Metadata-Version: 2.1
Name: bigbert
Version: 0.1.0
Summary: A deep learning model for the automatic classification of online educational materials.
Home-page: https://github.com/BSU-CAST/BiGBERT
Author: Garrett Allen
Author-email: garrettallen@u.boisestate.edu
License: UNKNOWN
Project-URL: Bug Tracker, https://github.com/BSU-CAST/BiGBERT/issues
Platform: UNKNOWN
Classifier: Programming Language :: Python :: 3
Classifier: License :: OSI Approved :: MIT License
Classifier: Operating System :: OS Independent
Requires-Python: >=3.6
Description-Content-Type: text/markdown
License-File: LICENSE.txt

# BiGBERT

BiGBERT is a pre-trained deep learning model that uses website URLs and their respective descriptions to identify educational 
resources.

## Installation

To begin using BiGBERT, install the PyPi package:

```bash
pip install bigbert
```

#### Important Note: #### 

The installation size of the package is relatively small, but the first time you instantiate an instance of BiGBERT, two large files need to be downloaded. Details for these files, and their sizes, are provided in the table below.

| File | Size | Purpose |
|---|---|---|
| edu2vec.txt | 5.2 GB | Word embeddings infused with educational standards domain knowledge. Used by the URL vectorizer component internally. |
| bertedu_1e-6lr.p | 438.0 MB | A BERT model fine-tuned with educational domain knowledge.

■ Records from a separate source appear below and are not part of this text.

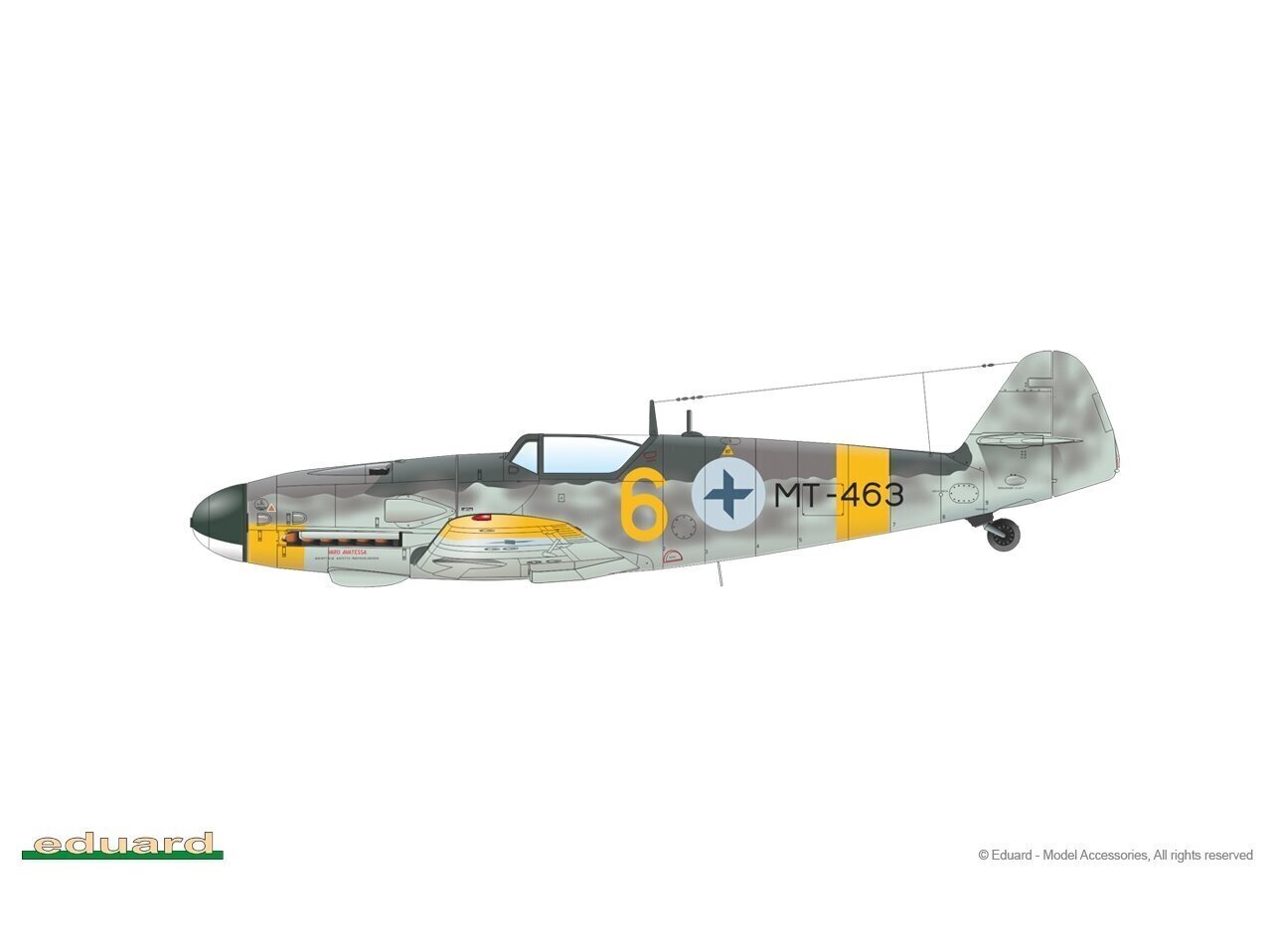 Eduard - Bf-109G-6/ AS Weekend Edition, 1/48, 84169 hind ja info | Klotsid ja konstruktorid | kaup24.ee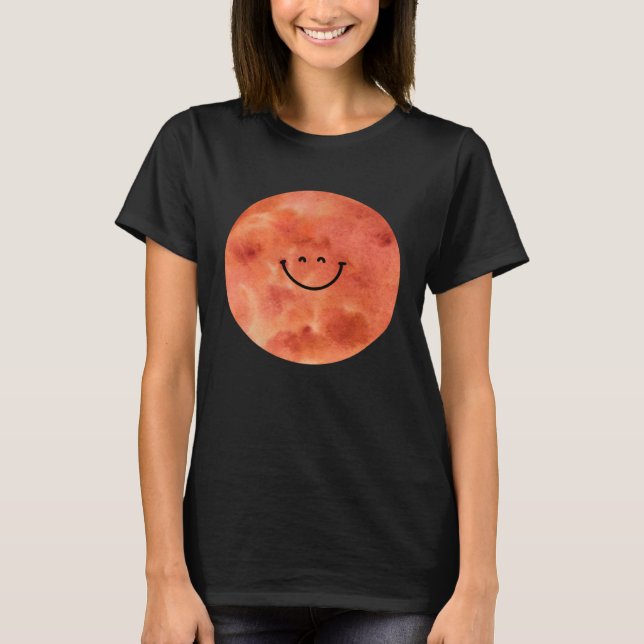 Happy Mars Planet  Cute  Astronomy T-Shirt (Vorderseite)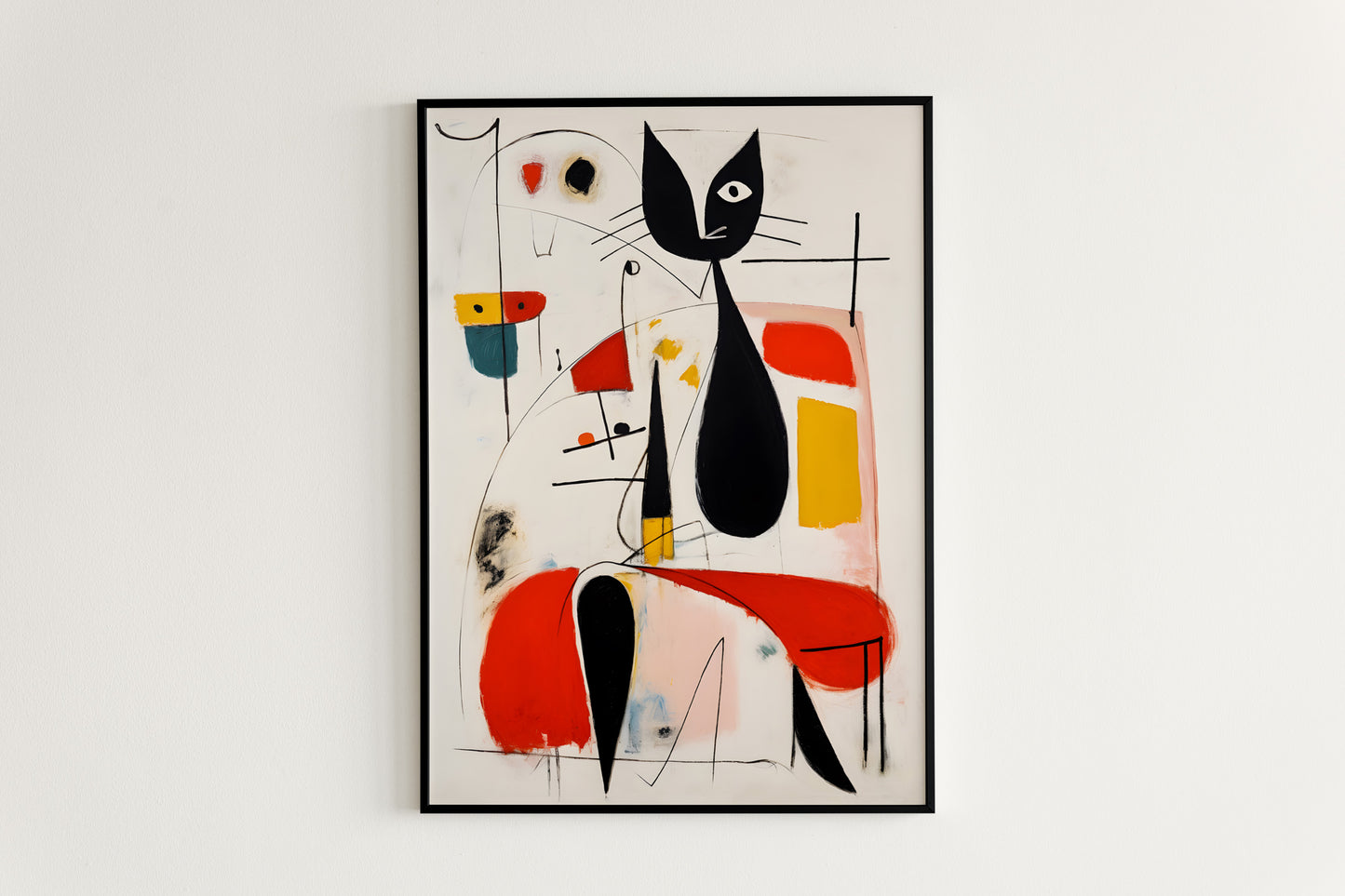 Joan Miro woman wall art in different sizes and frame options or canvas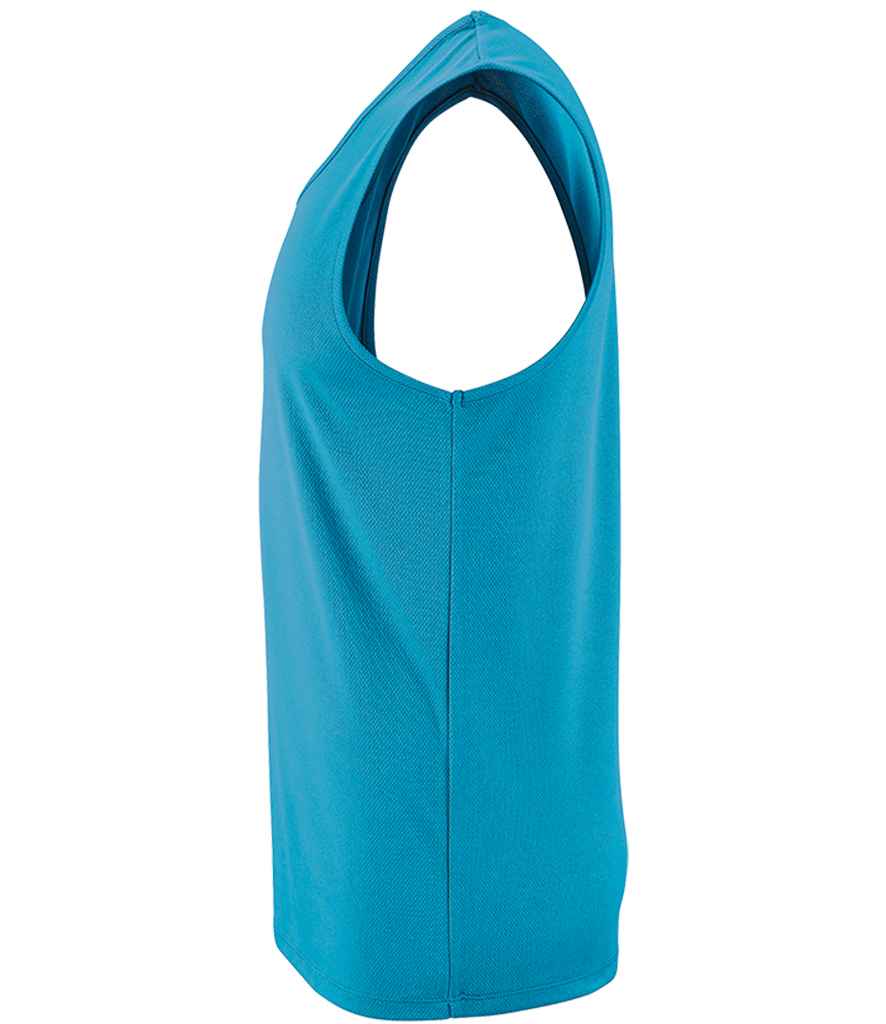 SOL'S Sporty Performance Tank Top | Aqua - Image 3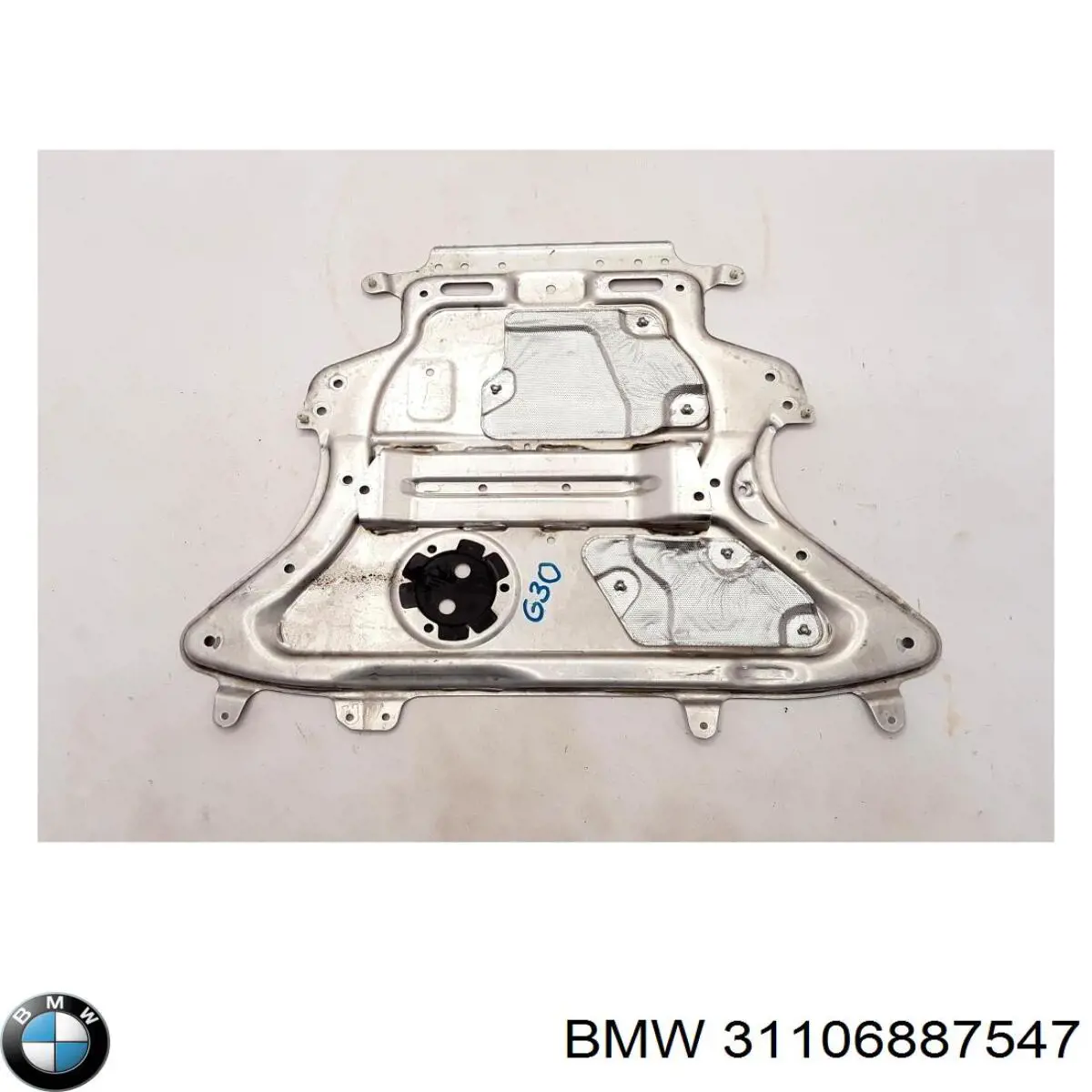 6887547 BMW Защита картера двигателя
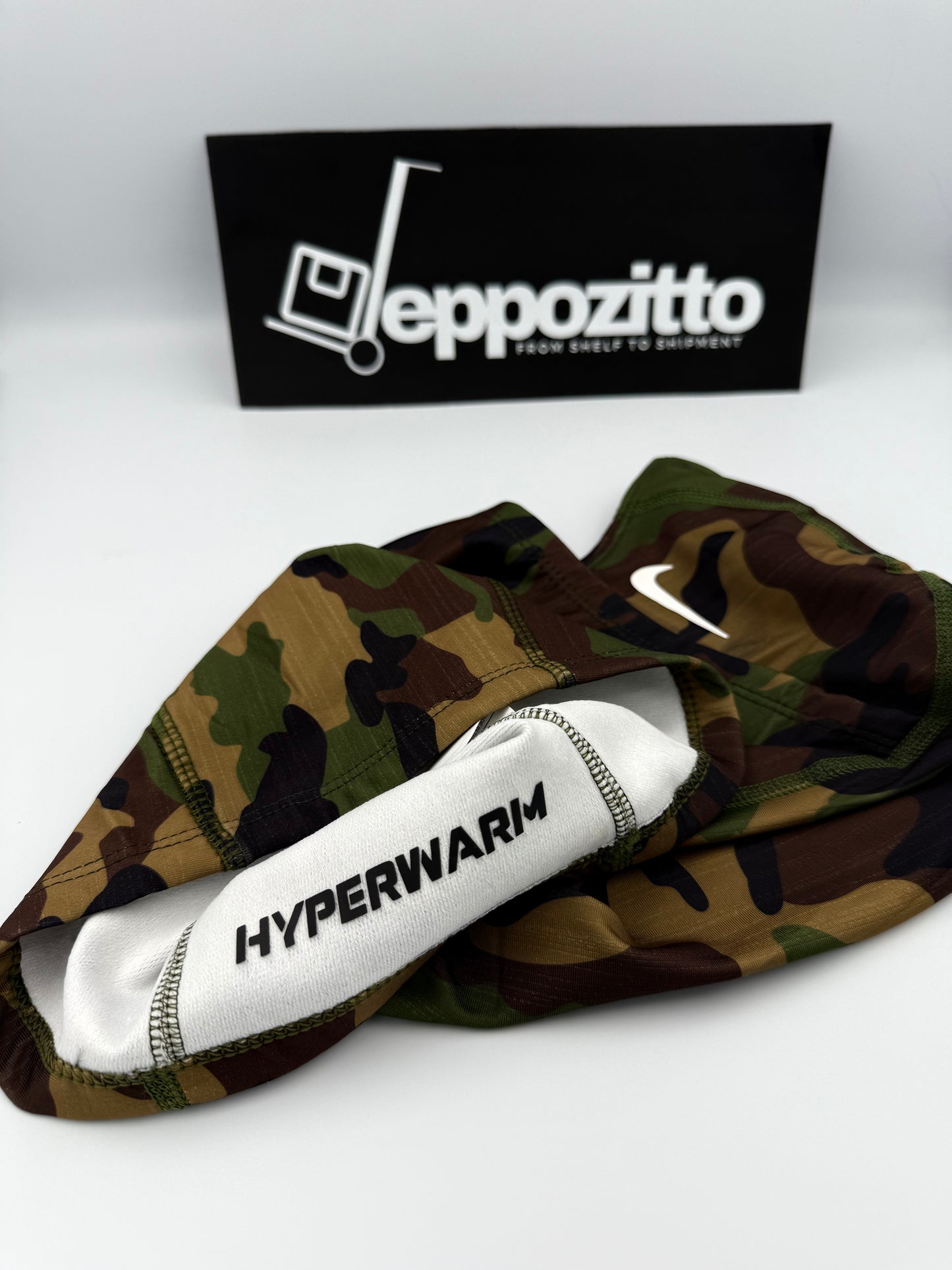 Nike Pro Therma‑Fit/Hyperwarm Hood Balaclava - Camo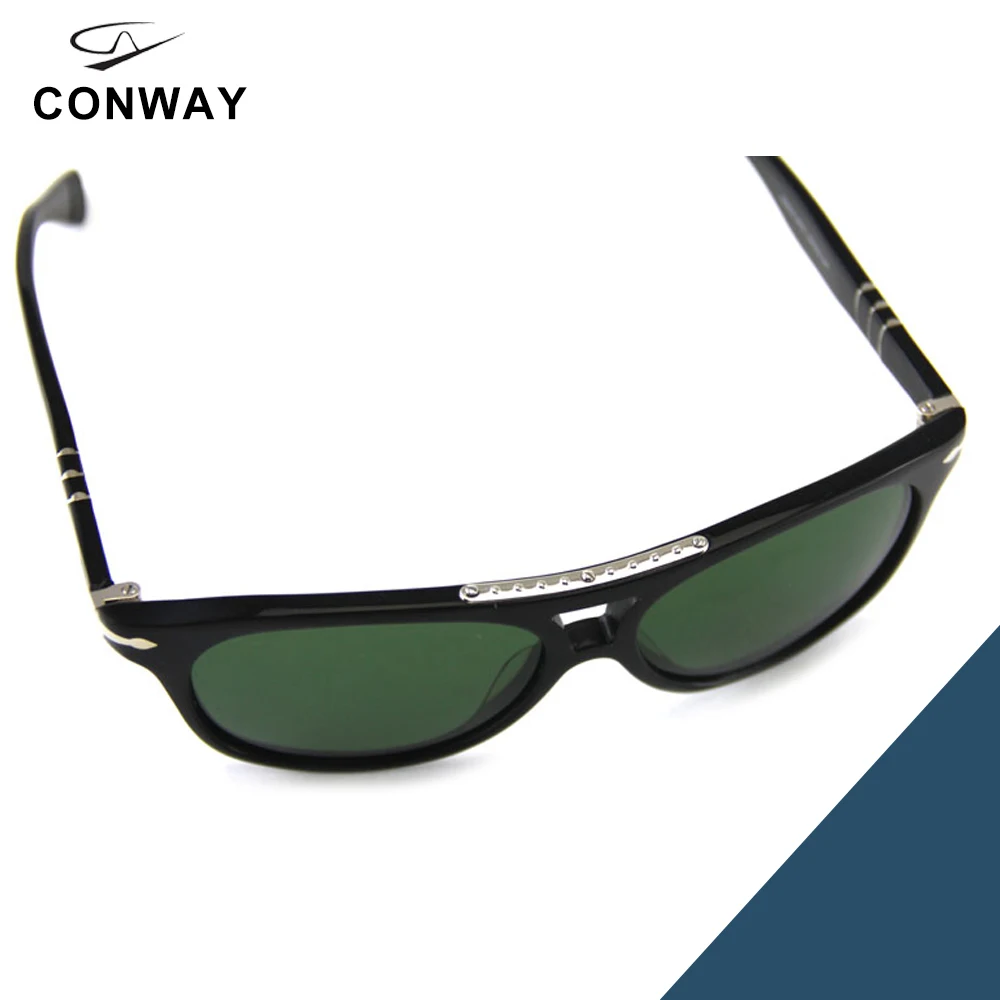 Conway, модные солнцезащитные очки для женщин, пилот, женские солнцезащитные очки, Steve, роскошный фирменный дизайн, очки для вождения, UV Proetection, ацетат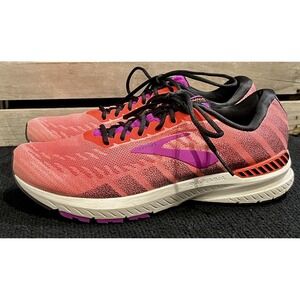 Brooks Ravenna Shoes Womens Size 9.5 Pink Orange‎ Running GuideRails 1202861B615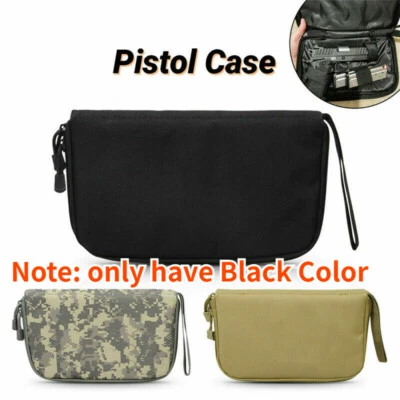 New Hunting Tactical Army Padded Pistol Handgun Storage Carry Case Pouch Gun Bag - Image 1 of 4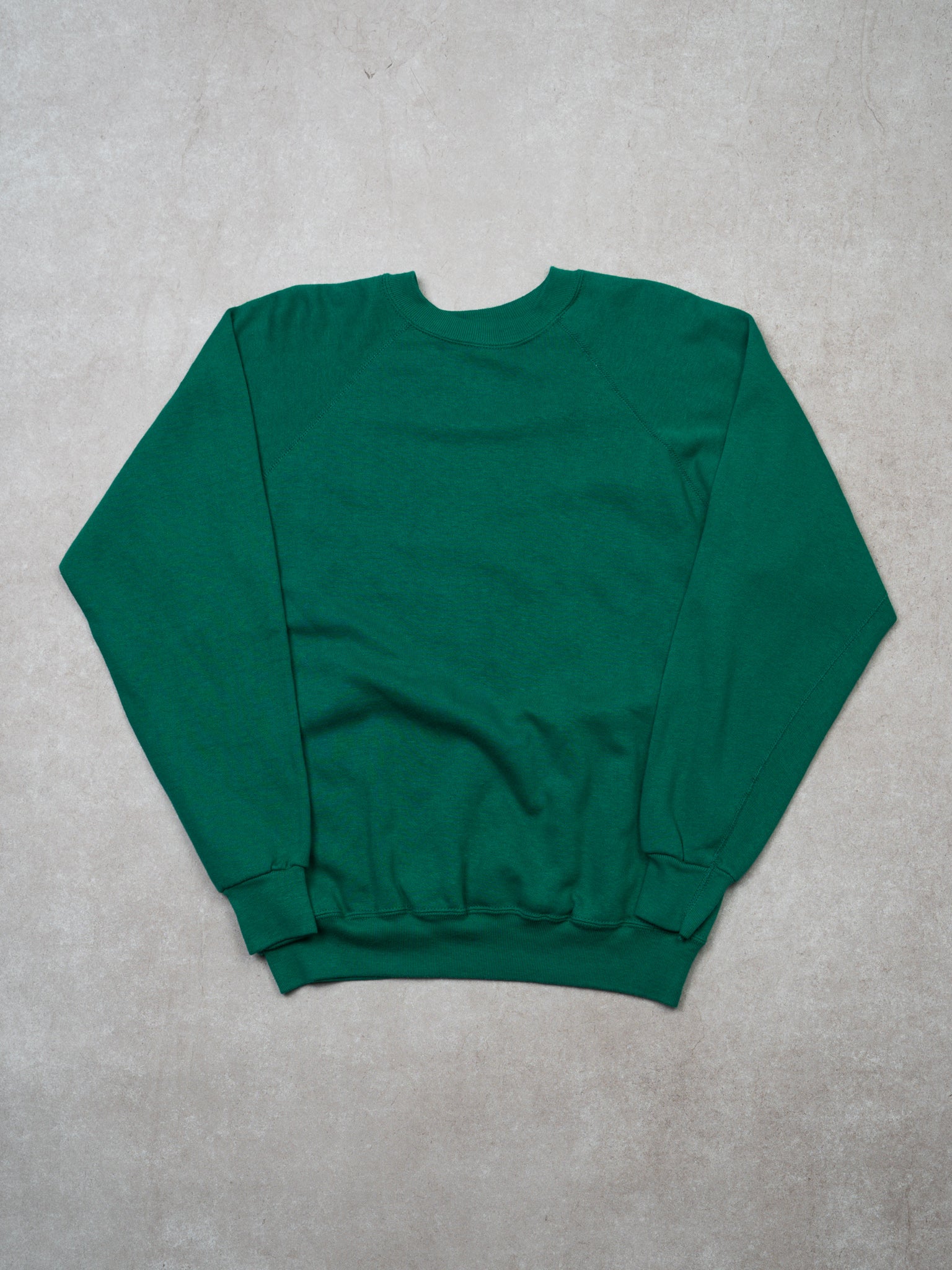 Vintage 90s Bright Green Blank Crewneck (M)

Used for the snippet vectorizer internally. |

## Data Prep

BiGBERT expects a `pandas.DataFrame` as input with two columns: `"url"` and `"description"`. 


## Usage

```python
import numpy as np
import pandas as pd
from bigbert.bigbert import BiGBERT
from sklearn.metrics import accuracy_score

# This file should have "url", "description" along with "target" columns
data = pd.read_csv("some/data/file.csv")
y = data["target"]
X = data.drop(columns=["target"], inplace=True)

model = BiGBERT()
y_pred = model.predict(X)
print(accuracy_score(y, np.argmax(y_pred, axis=1)))
```


## **Citation**

If you use BiGBERT in a research publication, please include the following citation (provided in BibTeX format):

```
@inproceedings{allen2021bigbert,
  title={BiGBERT: Classifying Educational WebResources for Kindergarten-12$^{th}$ Grades},
  author={Allen, Garrett and Downs, Brody and Shukla, Aprajita and Kennington, Casey and Fails, Jerry Alan and Wright, Katherine Landau and Pera, Maria Soledad},
  booktitle={European Conference on Information Retrieval},
  pages={176-184},
  year={2021},
  organization={Springer}
}
```

## **License**

BiGBERT is available under the MIT License.